[Data extracted from a collection]
****************

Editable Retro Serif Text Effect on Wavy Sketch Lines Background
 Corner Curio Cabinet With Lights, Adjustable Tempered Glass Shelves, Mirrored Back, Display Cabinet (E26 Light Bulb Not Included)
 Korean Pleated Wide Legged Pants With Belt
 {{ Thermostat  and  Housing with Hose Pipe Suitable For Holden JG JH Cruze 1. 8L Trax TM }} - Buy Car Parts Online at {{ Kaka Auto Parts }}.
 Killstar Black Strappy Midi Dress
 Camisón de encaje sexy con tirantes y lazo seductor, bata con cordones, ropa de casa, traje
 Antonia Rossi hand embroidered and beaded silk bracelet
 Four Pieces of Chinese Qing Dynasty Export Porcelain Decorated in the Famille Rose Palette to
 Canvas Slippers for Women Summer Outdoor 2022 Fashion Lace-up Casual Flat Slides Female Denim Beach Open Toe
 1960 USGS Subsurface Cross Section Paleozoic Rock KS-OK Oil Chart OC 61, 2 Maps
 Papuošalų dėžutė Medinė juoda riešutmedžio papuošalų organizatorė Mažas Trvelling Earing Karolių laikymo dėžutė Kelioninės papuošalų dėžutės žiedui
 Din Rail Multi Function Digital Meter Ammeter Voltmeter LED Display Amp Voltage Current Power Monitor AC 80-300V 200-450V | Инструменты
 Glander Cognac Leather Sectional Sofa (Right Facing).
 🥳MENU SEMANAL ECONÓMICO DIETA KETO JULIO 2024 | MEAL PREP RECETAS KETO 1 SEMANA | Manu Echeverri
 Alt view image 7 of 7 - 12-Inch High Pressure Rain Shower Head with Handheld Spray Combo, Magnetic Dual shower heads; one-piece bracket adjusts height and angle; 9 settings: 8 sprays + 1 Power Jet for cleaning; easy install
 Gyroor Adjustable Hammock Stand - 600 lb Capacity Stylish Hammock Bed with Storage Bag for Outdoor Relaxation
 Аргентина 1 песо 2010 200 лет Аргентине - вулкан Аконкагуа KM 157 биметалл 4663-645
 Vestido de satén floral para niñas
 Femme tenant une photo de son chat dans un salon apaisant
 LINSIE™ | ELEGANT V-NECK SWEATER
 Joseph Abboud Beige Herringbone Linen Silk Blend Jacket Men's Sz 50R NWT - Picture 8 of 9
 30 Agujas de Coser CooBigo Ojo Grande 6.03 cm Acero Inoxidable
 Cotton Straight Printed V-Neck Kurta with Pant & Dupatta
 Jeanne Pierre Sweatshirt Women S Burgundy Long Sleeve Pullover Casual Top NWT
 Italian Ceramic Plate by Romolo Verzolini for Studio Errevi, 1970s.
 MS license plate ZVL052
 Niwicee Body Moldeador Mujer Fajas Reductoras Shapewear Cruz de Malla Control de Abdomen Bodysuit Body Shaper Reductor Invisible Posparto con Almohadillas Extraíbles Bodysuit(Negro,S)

****************

**DIRECTIONS FOR THIS TASK**
From the records above, copy out the line with "Gyroor Adjustable Hammock", the line with "MS license plate ZVL052", and every line between them, word for word.

**FINISHED EXERCISE**
 Gyroor Adjustable Hammock Stand - 600 lb Capacity Stylish Hammock Bed with Storage Bag for Outdoor Relaxation
 Аргентина 1 песо 2010 200 лет Аргентине - вулкан Аконкагуа KM 157 биметалл 4663-645
 Vestido de satén floral para niñas
 Femme tenant une photo de son chat dans un salon apaisant
 LINSIE™ | ELEGANT V-NECK SWEATER
 Joseph Abboud Beige Herringbone Linen Silk Blend Jacket Men's Sz 50R NWT - Picture 8 of 9
 30 Agujas de Coser CooBigo Ojo Grande 6.03 cm Acero Inoxidable
 Cotton Straight Printed V-Neck Kurta with Pant & Dupatta
 Jeanne Pierre Sweatshirt Women S Burgundy Long Sleeve Pullover Casual Top NWT
 Italian Ceramic Plate by Romolo Verzolini for Studio Errevi, 1970s.
 MS license plate ZVL052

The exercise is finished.